ABOUT THIS TASK: For every entry that follows, return the words exactly and omit any picture.
(Beginning of GIVEN DATA)
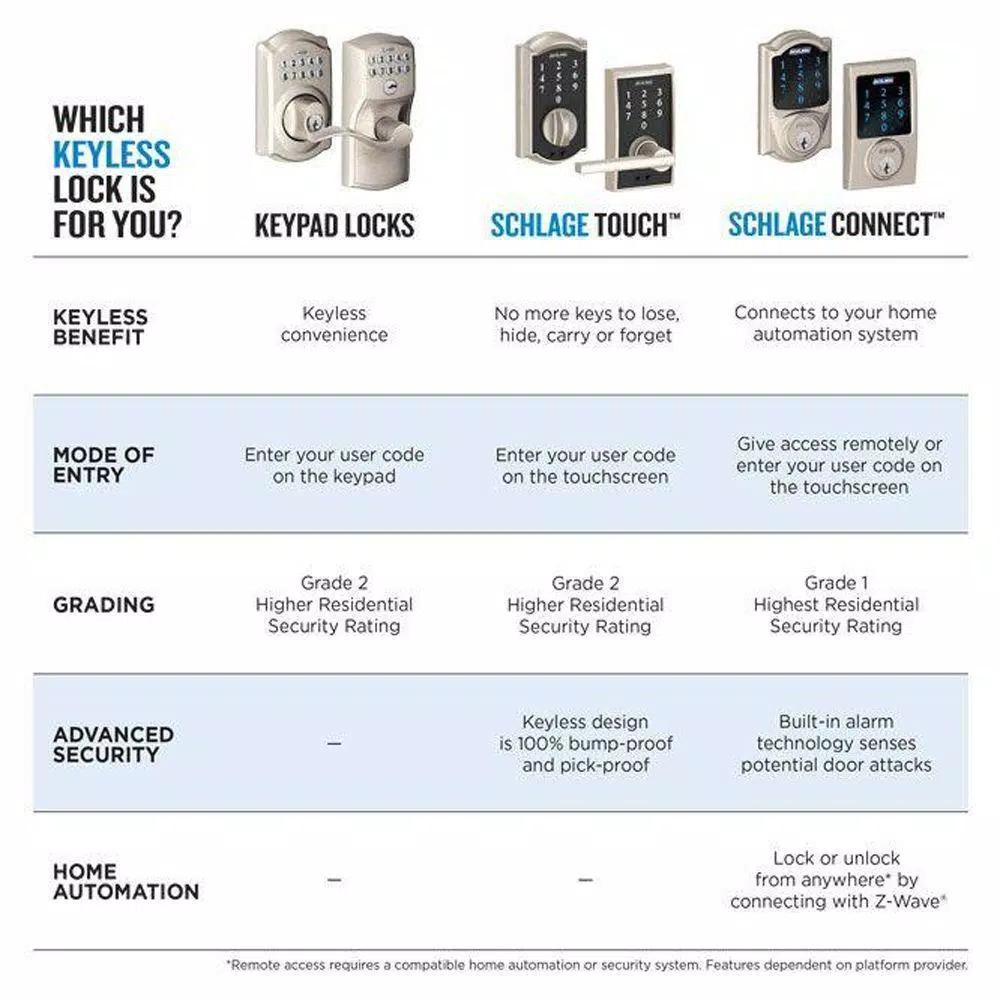 Schlage Elan Satin Chrome Electronic Keypad Door Lever with Plymouth Trim and Flex Lock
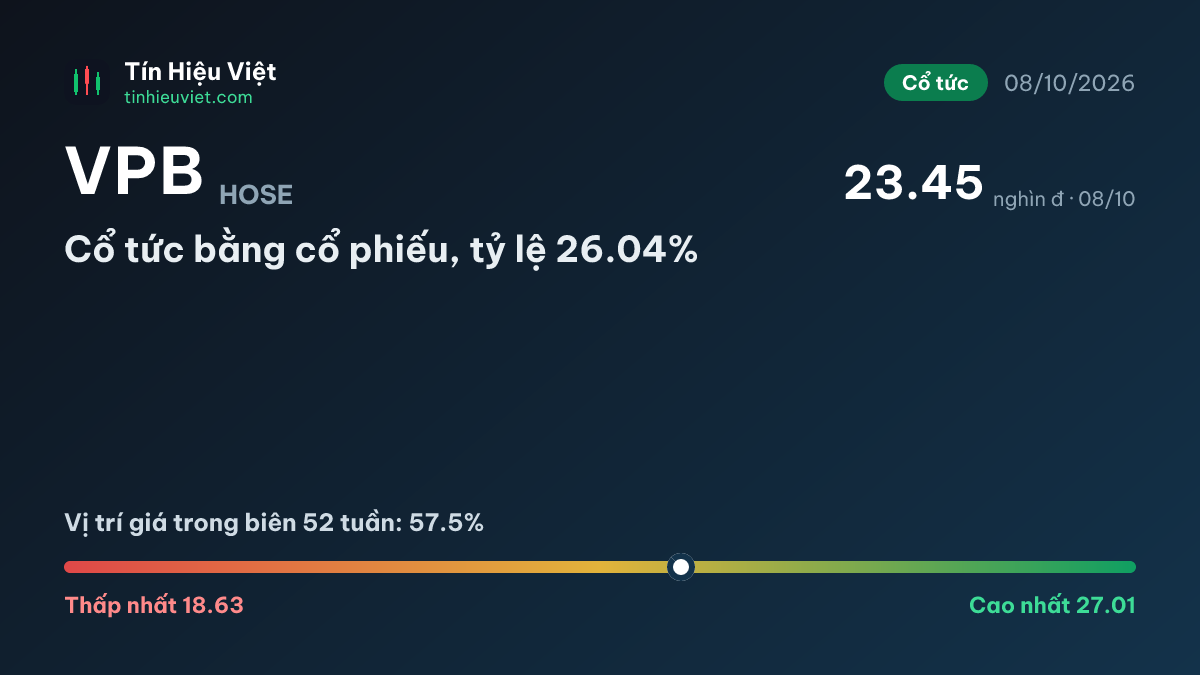 VPB: VPB: Cổ tức bằng cổ phiếu, tỷ lệ 26.04%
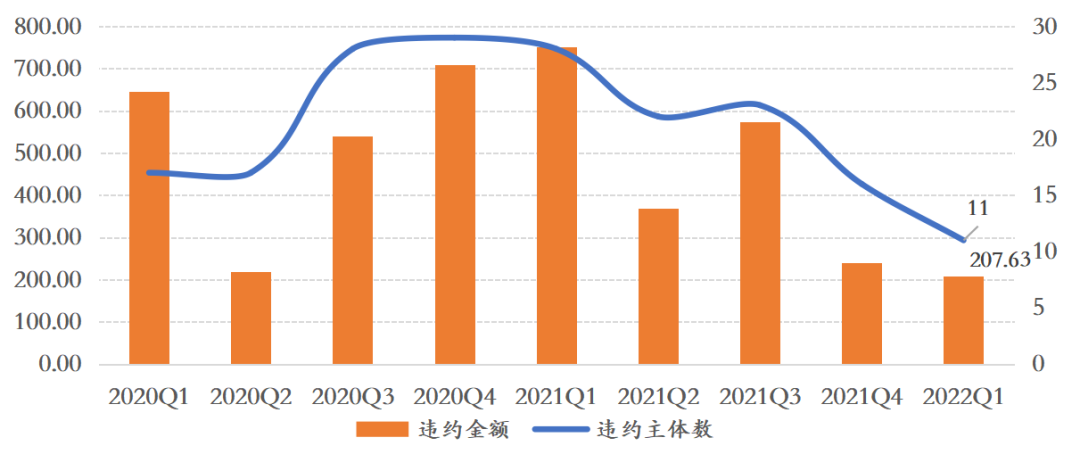 1月迎来降准窗口期 春节前资金面将保持总体平衡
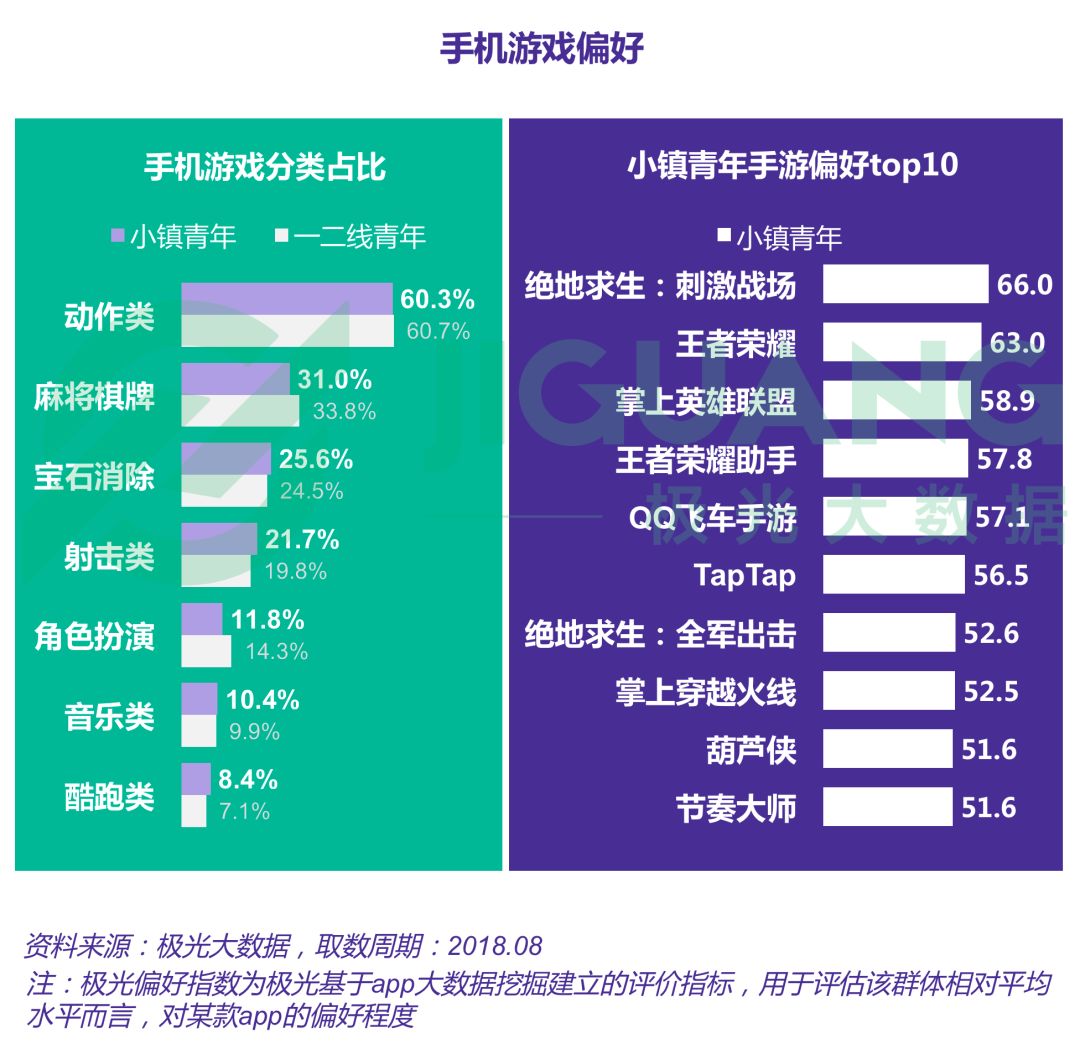 2025天天彩全年免费资料,实地数据评估分析_生态版57.421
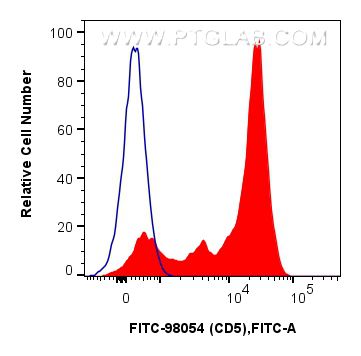 FC experiment of human PBMCs using FITC-98054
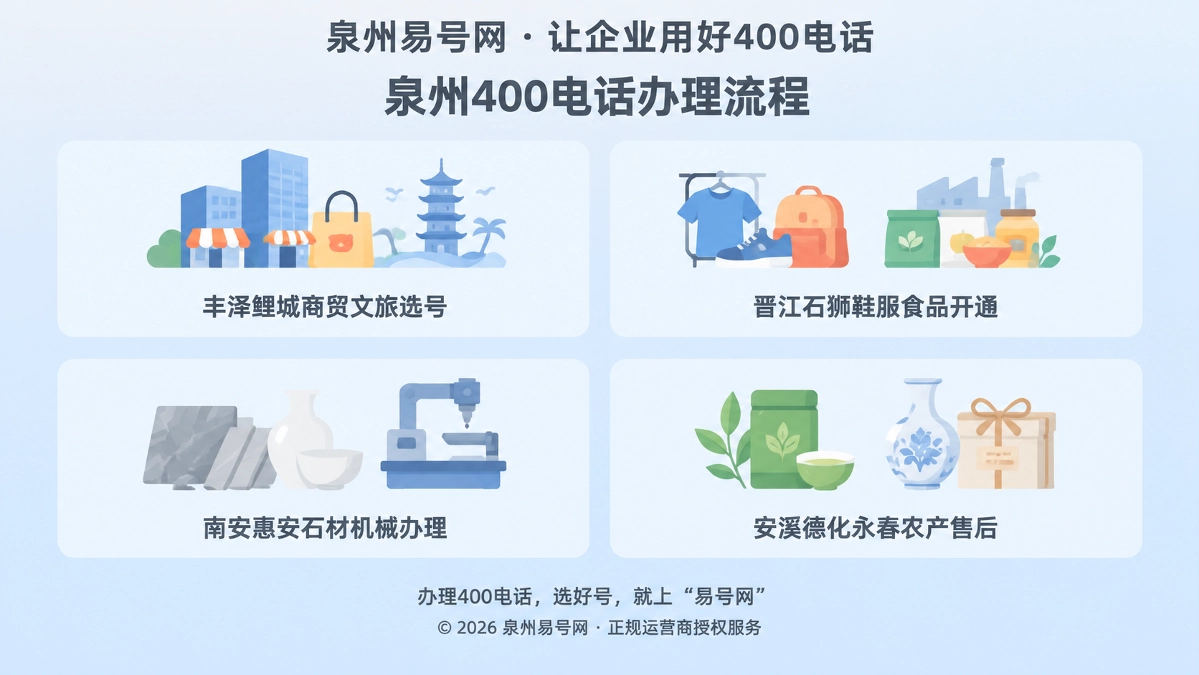 泉州易号网400电话办理流程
(End of GIVEN DATA)
ANSWER BOX:
 Schlage Elan Satin Chrome Electronic Keypad Door Lever with Plymouth Trim and Flex Lock
 VPB: VPB: Cổ tức bằng cổ phiếu, tỷ lệ 26.04%
 1月迎来降准窗口期 春节前资金面将保持总体平衡
 2025天天彩全年免费资料,实地数据评估分析_生态版57.421
 FC experiment of human PBMCs using FITC-98054
 泉州易号网400电话办理流程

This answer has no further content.